Winston Jordan emerged briefly from his hole last week. After waxing out-of-tune with what he deemed “wasteful” infrastructure projects, and after bemoaning the PPP government’s removal of new taxes or measures that increased taxes, more than 350 measures that the PNC-led APNU/AFC government had introduced, he then identified taxation for farmers. If it were up to Jordan, the Government would widen its taxation to further tax farmers, big and small. Thank God, it is not up to Jordan. The Guyanese people, on March 2, 2020, ensured that “More Taxes” Jordan would never again be in a position to punish them with unbearable taxation.
Jordan and his party have an obsession with taxation. They have always — for 28 years before 1992, and between 2015 and 2020 — sought to introduce new taxes or increase existing taxes. In whatever way the PNC could extract more resources out of people’s pockets, they have not been hesitant to do so. Even out of government, they keep talking about more taxes.
Among the many differences between Guyana’s two main political parties, taxation is a fundamental difference. One: the PNC never misses an opportunity to increase tax measures. On the other hand, the PPP always looks to see where they can reduce tax measures. Imagine the optics of GRA officials walking into people’s yards in Region Five, between 2015 and 2020, checking to see how many beds of bora or lettuce or other cash crops they were cultivating for the purpose of imposing taxes on them. Their taxation thirst knew no bounds. And while heaping more tax burdens on people between 2015 and 2020, they took away cash transfer programmes from people, thereby making the tax burdens worse.

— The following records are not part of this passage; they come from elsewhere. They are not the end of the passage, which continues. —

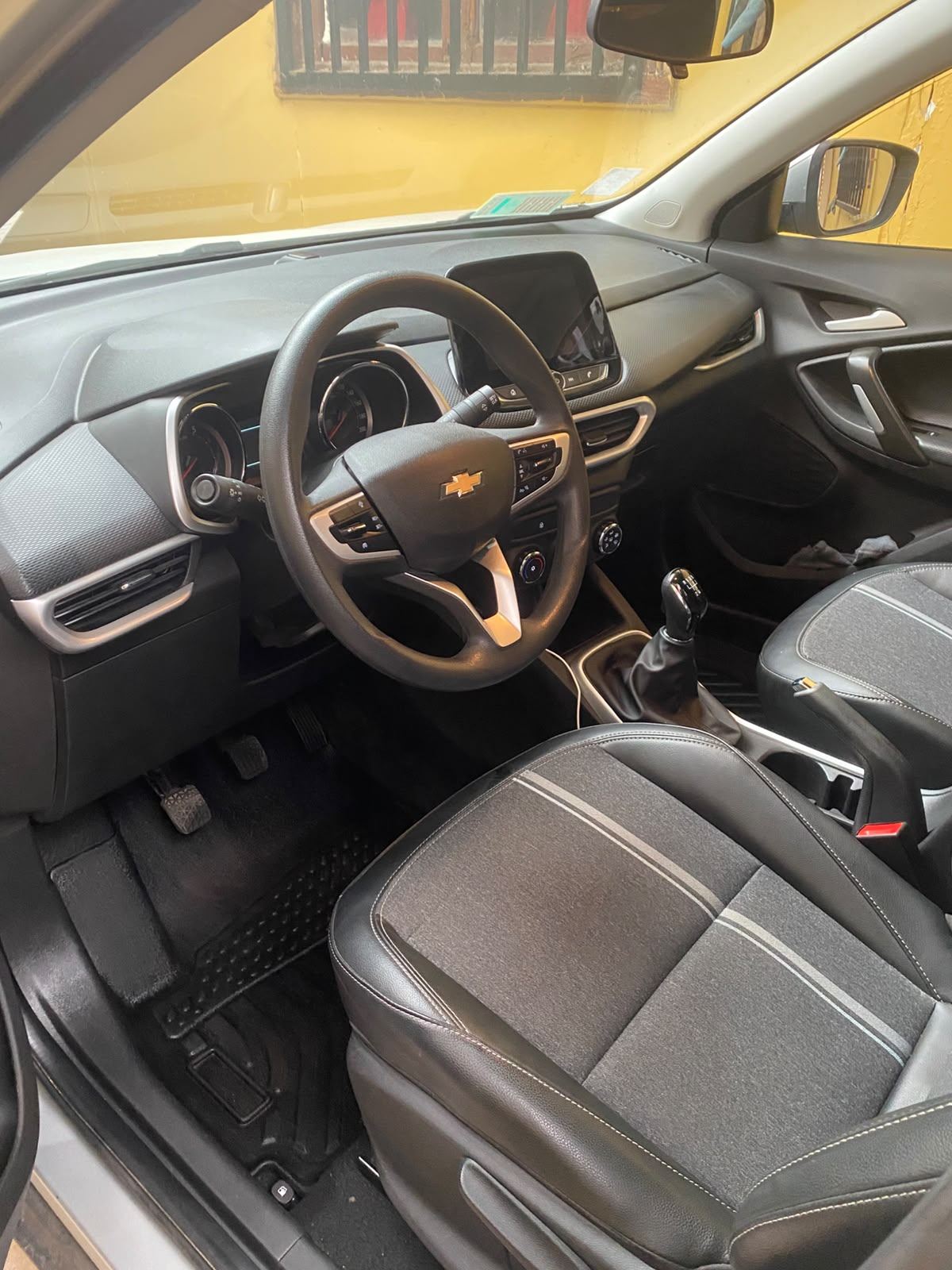 CHEVROLET TRACKER 1.2 Ltz P At año 2023
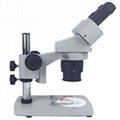 XTJ-4600雙目兩檔變倍顯微鏡   2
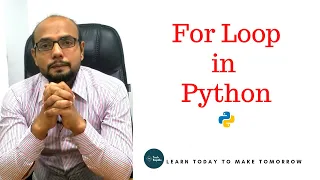 Python Tutorial for Beginners For Loop in Python While loop or for loop
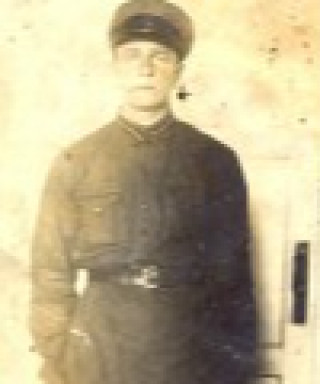 Швецов Пётр Фёдорович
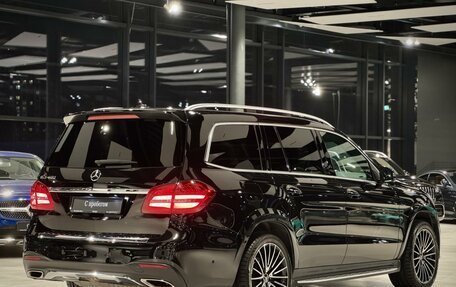 Mercedes-Benz GLS, 2017 год, 7 190 000 рублей, 2 фотография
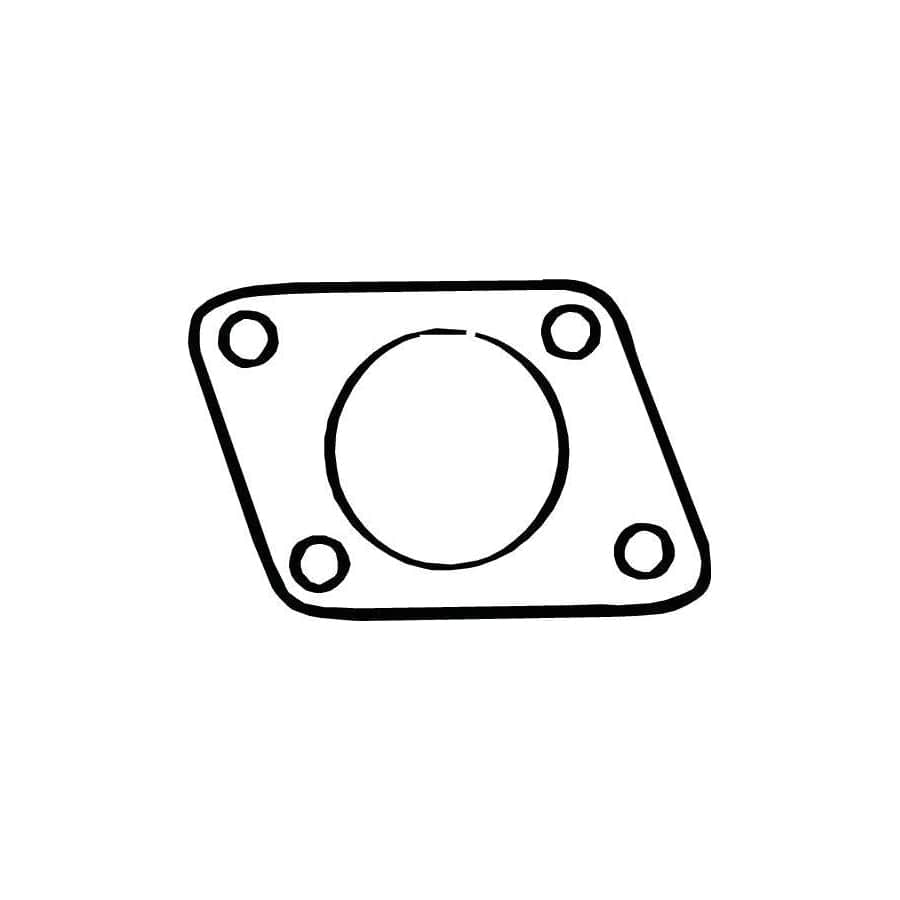 Bosal 256-033 Exhaust Pipe Gasket For Lada Samara (2108, 2109, 2115, 2113, 2114)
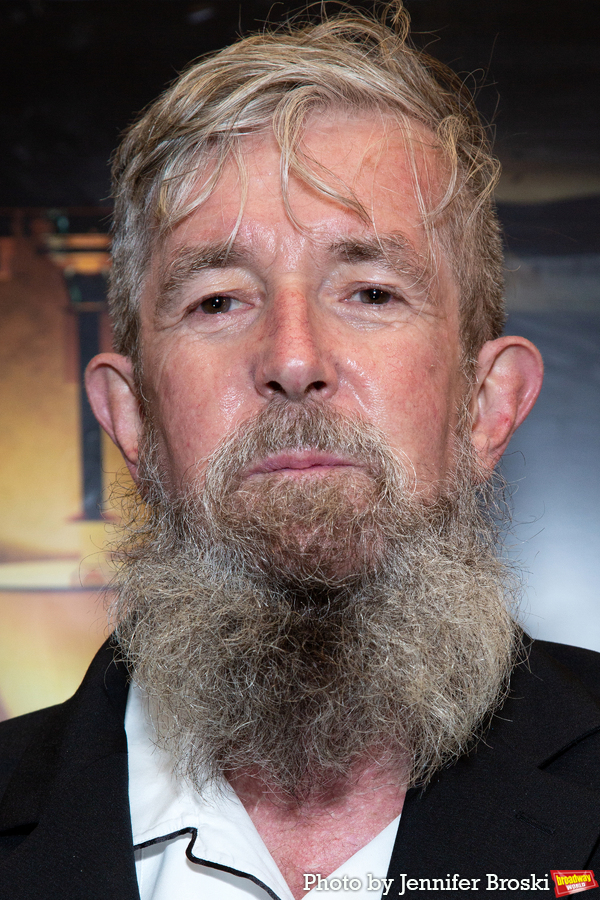 Photos: On the Red Carpet for Opening Night of DANA H. Image
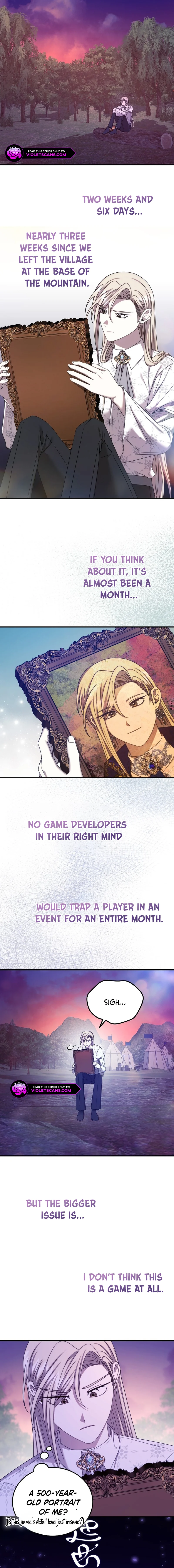 Isn’s This Inside the Game? Chapter 16 page 5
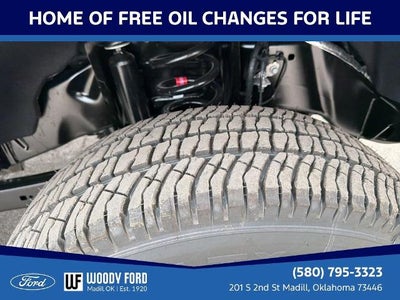 2026 Ford Super Duty F-350 DRW XL 4WD Crew Cab 8' Box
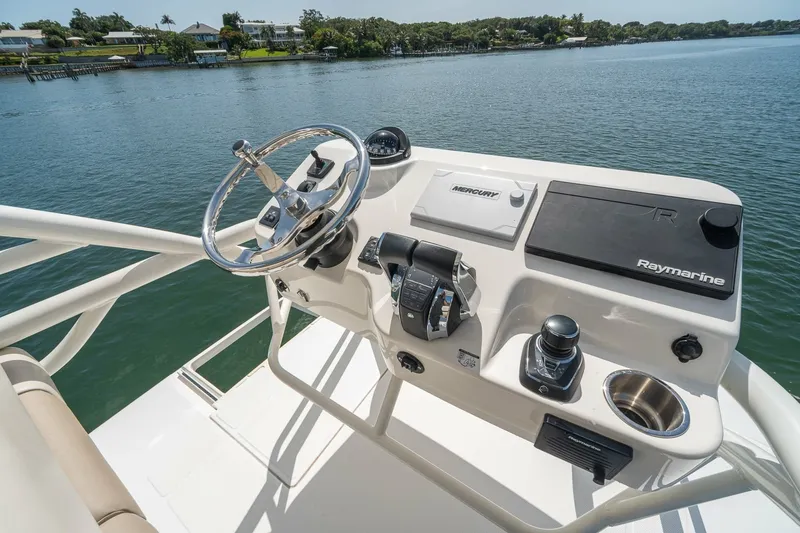 Slide: The Image of Boston Whaler 380 Outrage - Worth the Tiempo 2021 Boston Whaler 380 Outrage - Worth the Tiempo - 7649678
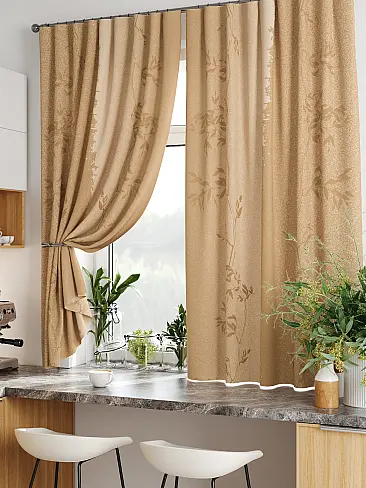 Комплекты штор для кухни в Новосибирске - Страница 110 9925831 - 6
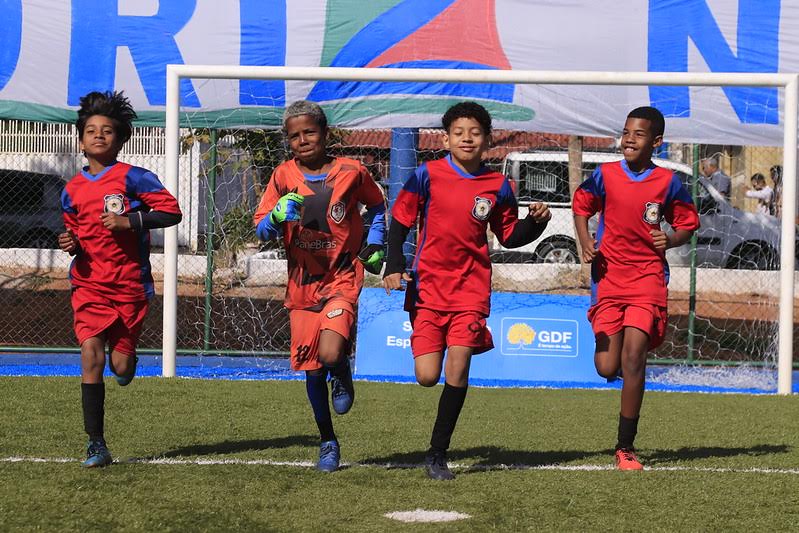 Aberto credenciamento para o novo programa de voluntários sociais esportivos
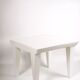 outdoor or indoor coffee table Bubble club by Philippe Starck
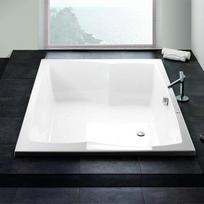 Vonia RIHO Castello 180x120 cm, 180x120 cm, be sienelės
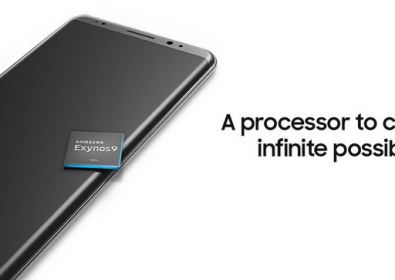 Samsung разкри Galaxy Note 8 реклама на Exynos?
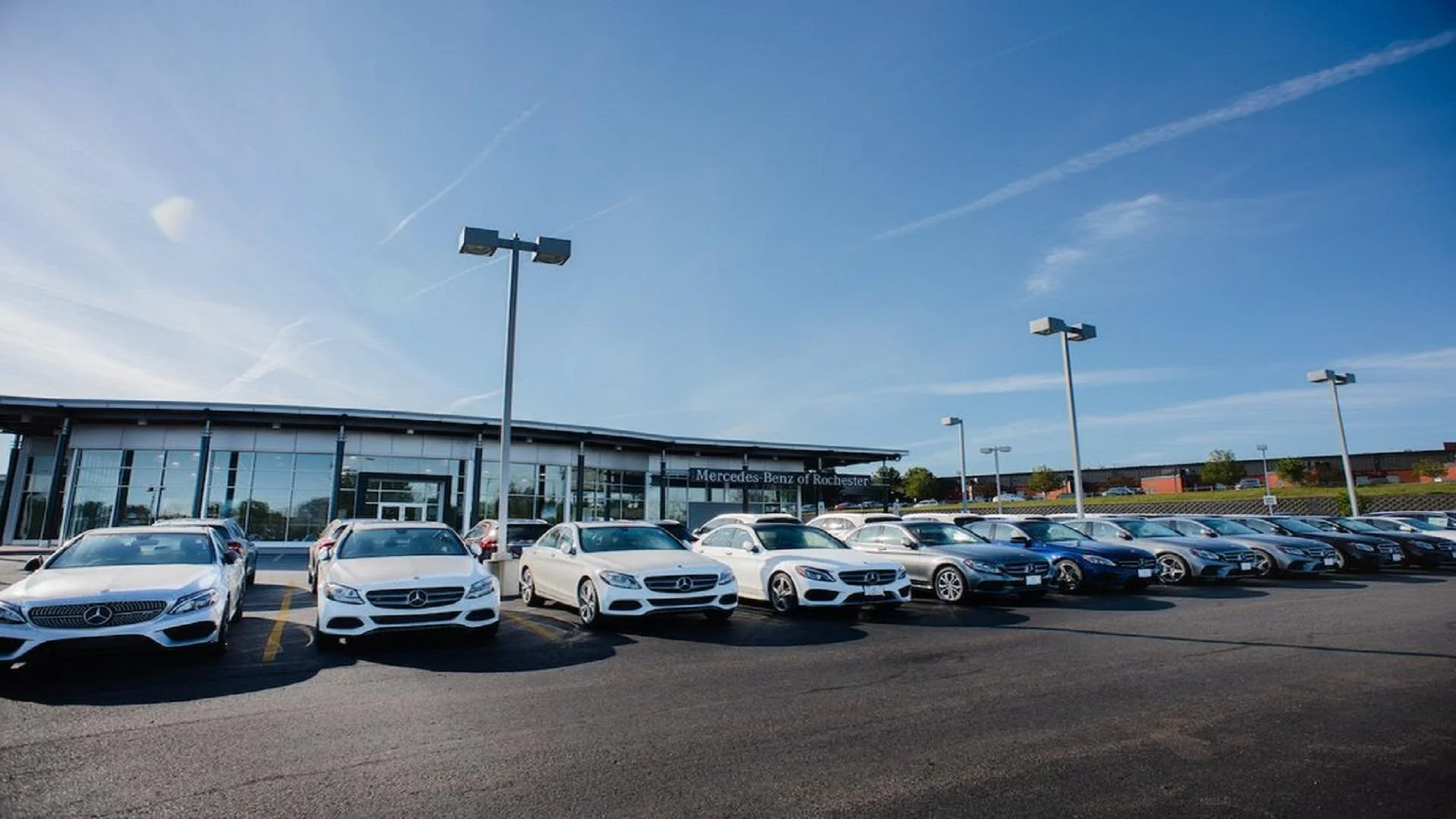 Mercedes-Benz of Rochester NY to President Trump: ‘Customers were not willing to buy electric vehicles’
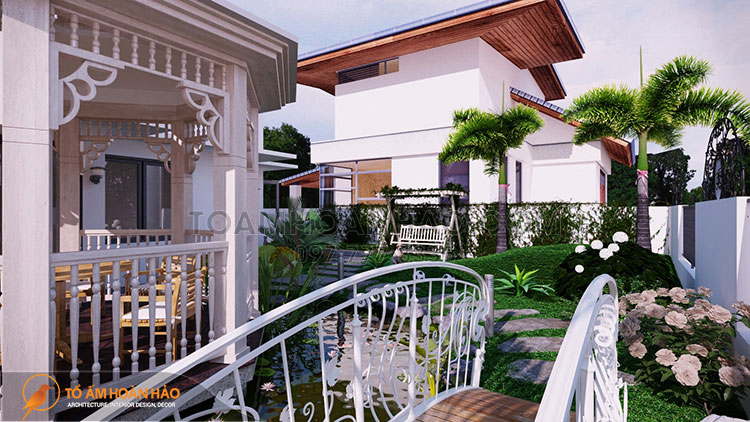"Ngất ngây" với mẫu thiết kế nội thất biệt thự cao cấp trị giá chục tỷ tại KĐT Gamuda 3 thiet-ke-noi-that-biet-thu-cao-cap-nha-chi-giang-7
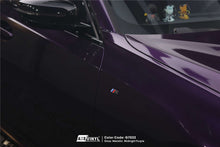 Load image into Gallery viewer, Gloss Metallic Midnight Purple Vinyl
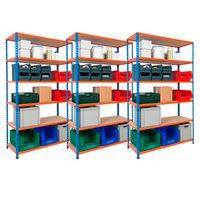 Medium Duty Shelving Deals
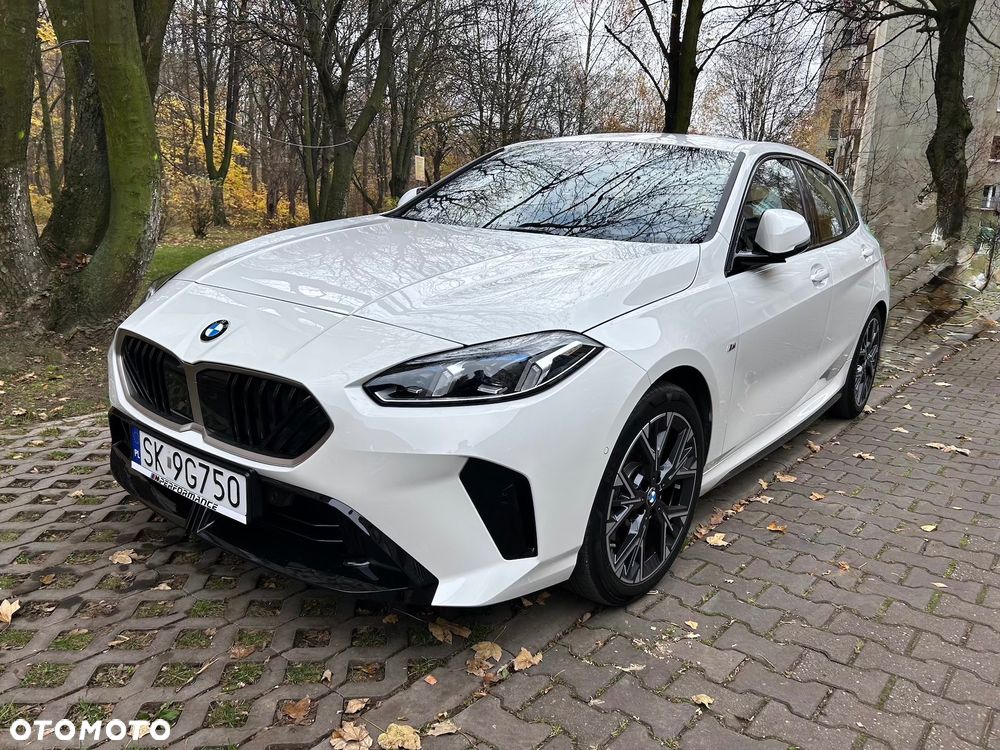 BMW Seria 1 - 1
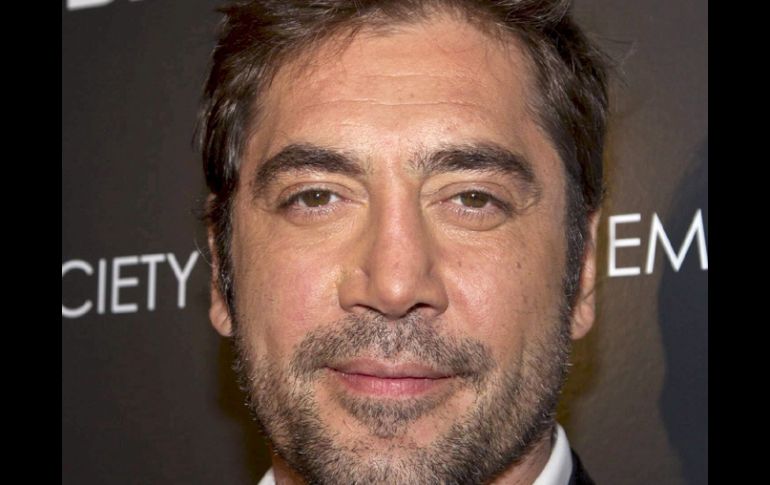 Bardem, aspira a un BAFTA como mejor actor por 'Biutiful'. EFE  /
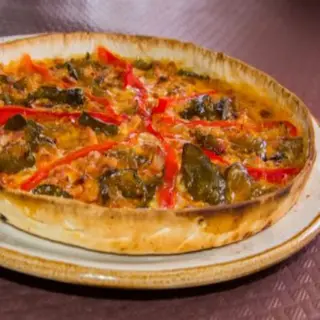 Pizza Agridulce
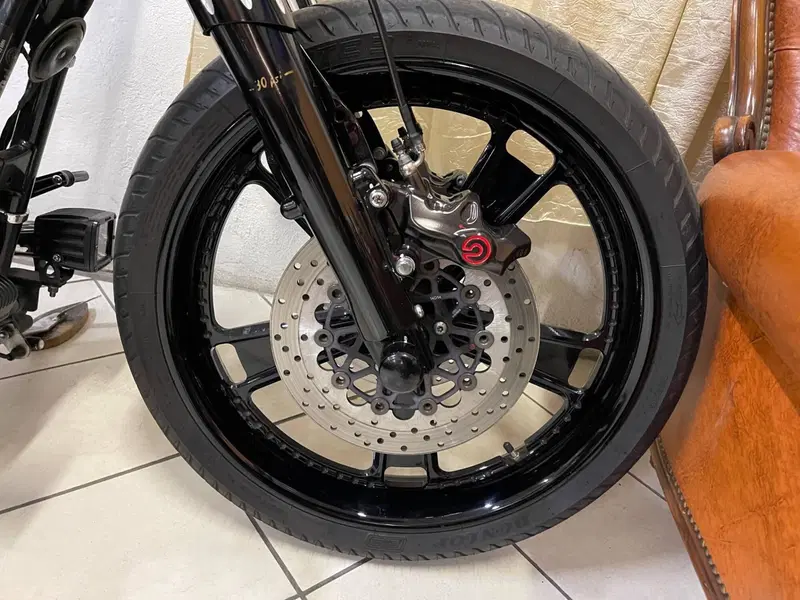 Harley-Davidson 1584 Street Glide (2008 - 10) - FLHX (3)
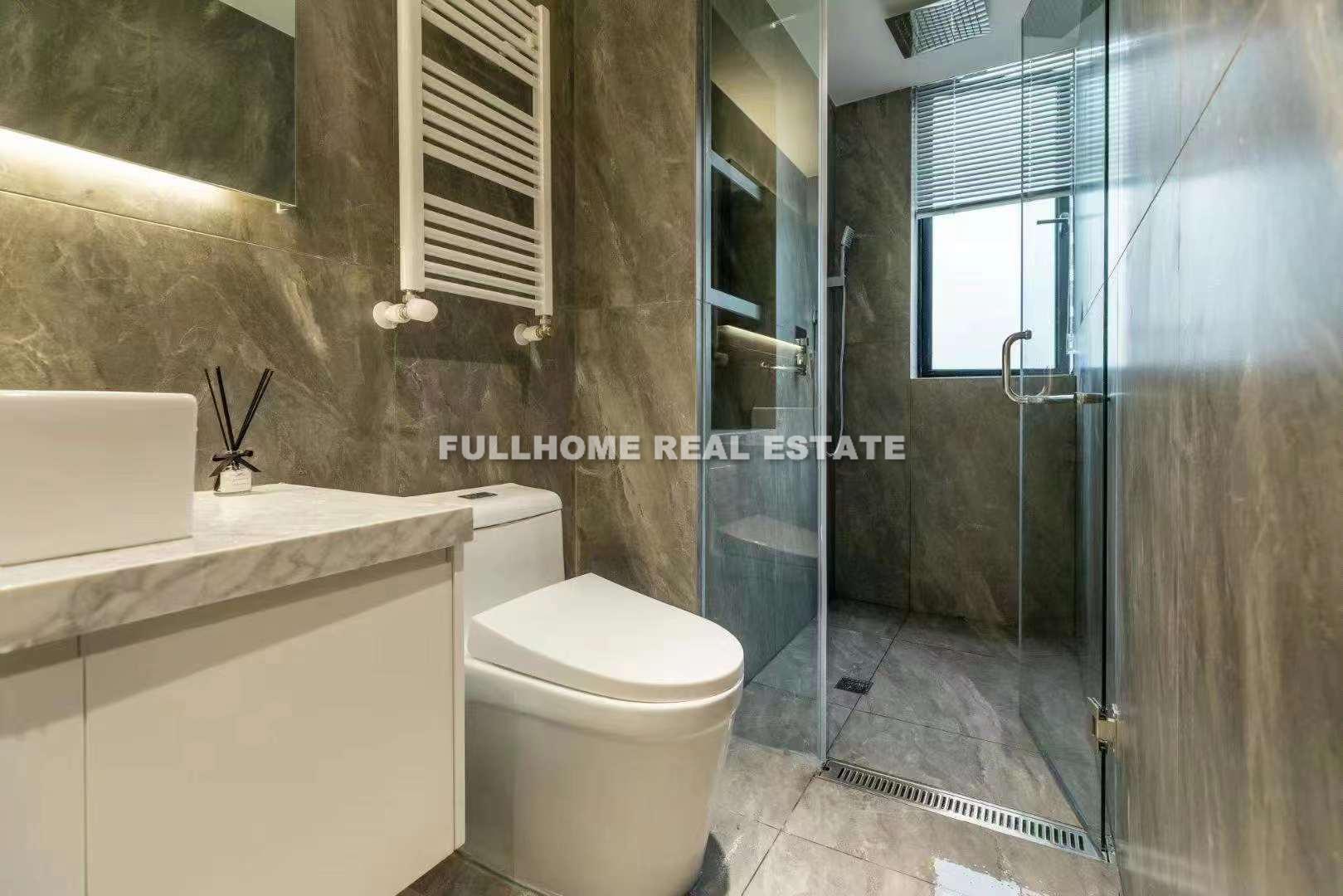Jiaxin City Garden - Interior view 9, Shanghai rental property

Jordan recklessly alleges that the support for agriculture is motivated by political reasons, because farmers are supporters of the PPP. It is the usual dog-whistle. The bottom line is that Jordan’s thirst to tax farmers is motivated by his belief that farmers are Indo-Guyanese who all support the PPP. That most people in Guyana — and certainly the overwhelming percentage of Indo-Guyanese — support the PPP is true; but farmers are not exclusively Indo-Guyanese. The majority of Amerindians are farmers, and it is true that most of them support the PPP. There are many farmers who are Afro-Guyanese. In fact, farming might well be the way most Afro-Guyanese in rural communities earn their living. It might also now be true that many Afro-Guyanese farmers are becoming supporters of the PPP.
When Jordan talks about taxing farmers, he is not just targeting rice and cash crop farmers, he is also talking about livestock farmers. This includes those who produce mutton and chevron meat. In 2020, production was just under 77,000kg. In 2022, production jumped to 110,000kg, a 43% increase. Caricom today imports almost US$40M in mutton and chevron meat annually. The small farmers can inherit this market in the 25×25 initiative. We must incentivize these farmers and other farmers.
The PPP sees this as a priority; the PNC, on the other hand, only sees another group to tax. But “More Tax” Jordan will never again have the opportunity to add another tax on the burden of the Guyanese people.